──────── DATA ────────
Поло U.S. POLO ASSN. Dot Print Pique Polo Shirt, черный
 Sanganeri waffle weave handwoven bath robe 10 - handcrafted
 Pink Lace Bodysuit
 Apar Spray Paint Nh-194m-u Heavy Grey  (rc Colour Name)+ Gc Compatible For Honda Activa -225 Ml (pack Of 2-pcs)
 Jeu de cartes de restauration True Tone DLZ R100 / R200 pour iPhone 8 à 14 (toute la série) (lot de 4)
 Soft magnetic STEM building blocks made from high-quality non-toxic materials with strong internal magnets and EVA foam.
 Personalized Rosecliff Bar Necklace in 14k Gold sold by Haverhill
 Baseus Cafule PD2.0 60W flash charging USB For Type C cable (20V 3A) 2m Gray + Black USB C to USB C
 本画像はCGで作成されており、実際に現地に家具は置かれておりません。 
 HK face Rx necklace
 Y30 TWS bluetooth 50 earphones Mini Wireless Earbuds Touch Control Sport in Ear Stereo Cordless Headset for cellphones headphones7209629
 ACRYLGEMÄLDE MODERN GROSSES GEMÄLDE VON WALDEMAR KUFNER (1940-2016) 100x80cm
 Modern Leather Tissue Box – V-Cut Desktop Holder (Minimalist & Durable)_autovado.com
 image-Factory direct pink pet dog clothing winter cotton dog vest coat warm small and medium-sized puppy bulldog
────────
The line containing "Jeu de cartes" marks where to begin; the last line of the records marks where to stop. Copy both and all between, exactly.

 Jeu de cartes de restauration True Tone DLZ R100 / R200 pour iPhone 8 à 14 (toute la série) (lot de 4)
 Soft magnetic STEM building blocks made from high-quality non-toxic materials with strong internal magnets and EVA foam.
 Personalized Rosecliff Bar Necklace in 14k Gold sold by Haverhill
 Baseus Cafule PD2.0 60W flash charging USB For Type C cable (20V 3A) 2m Gray + Black USB C to USB C
 本画像はCGで作成されており、実際に現地に家具は置かれておりません。 
 HK face Rx necklace
 Y30 TWS bluetooth 50 earphones Mini Wireless Earbuds Touch Control Sport in Ear Stereo Cordless Headset for cellphones headphones7209629
 ACRYLGEMÄLDE MODERN GROSSES GEMÄLDE VON WALDEMAR KUFNER (1940-2016) 100x80cm
 Modern Leather Tissue Box – V-Cut Desktop Holder (Minimalist & Durable)_autovado.com
 image-Factory direct pink pet dog clothing winter cotton dog vest coat warm small and medium-sized puppy bulldog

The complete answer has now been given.